DoSomething's creative campaigns invite teens to take part in a variety of ways, and almost all of the campaigns revolve around a teen's group of friends. For example, The 'Fed Up' campaign invites teens to upload photos of their cafeteria's school lunch program to begin an investigation about the food it contains. Students can rate photos 'eat it' or 'toss it', and are simultaneously provided with better-lunch advocacy materials.

How do we get wisdom from crowds? Invite investigation and critique. Create openings for your friends, associates, and even strangers to dig into, verify, challenge, and contribute to the knowledge-base you provide, and stay open to evolving purposes. Don’t act like you know the whole story. Because you don’t. There is wisdom in crowds. What it can look like: REDDIT

We aren’t as deferential to political elites and institutions as earlier generations used to be, and that can be a good thing. Campaigns have responded to this shift by seeking engagement in new ways. Reddit, an evolution on the venerable web discussion board, has emerged as a space where citizens can jointly examine and expose issues of public concern, in some cases powering investigations that rise to national and international prominence. Not without controversy or risk (as evident when Reddit ID’ed the wrong suspects in the Boston marathon bombing), the platform nevertheless is an important model for how to spark and sustain collective inquiry through a digital platform.

How do we handle the downside of crowds? Be prepared for people to say and do things you don’t like in your shared space. Do you know how you would respond? Is your platform or digital strategy being overtaken by a sub-group of users? How can you keep the nastiness out of crowds? Do you need moderators? Algorithms? Special functions? The goal is to keep your community open and democratic, and that also means protecting it from those who misuse that freedom and opportunity. What it can look like: #IFTHEYGUNNEDMEDOWN

This campaign fostered a powerful critique of media bias in the coverage of young black people who are shot and killed by police. Black Twitter users began posting two side-by-side photos of themselves, asking the question, which would the media publish “if they gunned me down?” It didn’t take long for the meme to morph, as other Twitter users appropriated the hashtag to post trivializing images (e.g., of their pets), or photo pairings that mocked the campaign’s intent. Still, those detractors were largely drowned out, and months later, the media bias critique is the lasting legacy of this campaign.
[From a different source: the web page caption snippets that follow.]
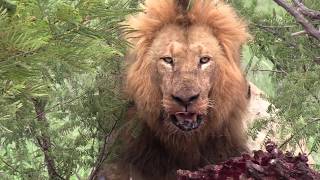 BRAVE YOUNG LION CHALLENGES DAD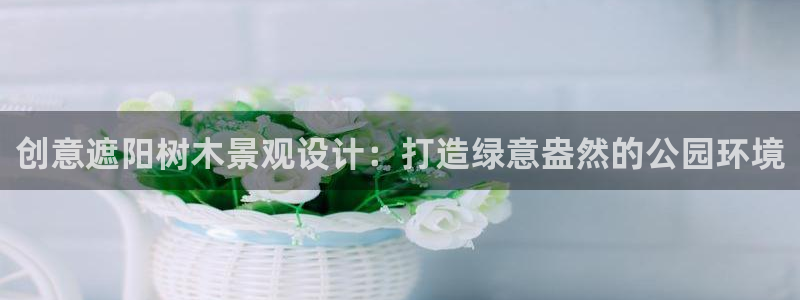 新宝gg咨询55312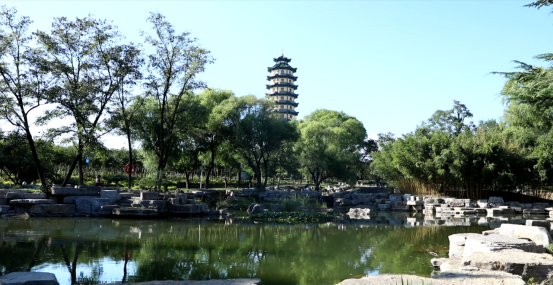 焕新归来！沂水东皋公园：四季有景夜有光 古塔生辉美出圈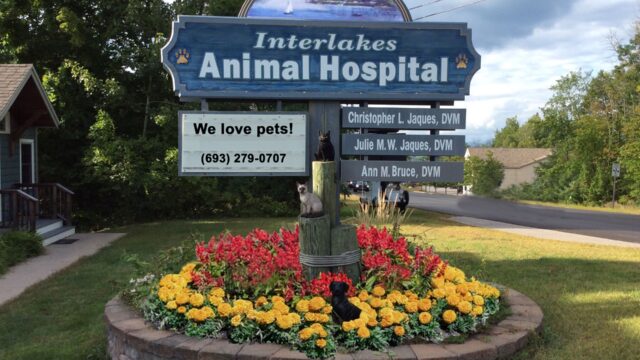 Interlakes+Animal+Hospital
Does raising our voices count as civic and political action? Raising awareness is key. Changing what people care about already makes a difference, and just getting your views into the public conversation is meaningful. Making the invisible visible is already an important civic and political action and a form of activism. Are you also trying to drive change beyond visibility? You’ll need that raised awareness to elevate civic and political engagement over time. What it can look like: QUEER UNDOCUMENTED IMMIGRANT PROJECT’S NO MORE CLOSETS CAMPAIGN

The Queer Undocumented Immigrant Project organizes the LGBTQ undocumented community along with allies through advocacy campaigns, leadership development, and toolkits and resources. The No More Closets campaign calls upon “undocuqueers” to come out through videos in order to raise visibility about and fight for the dignity and empowerment of both communities.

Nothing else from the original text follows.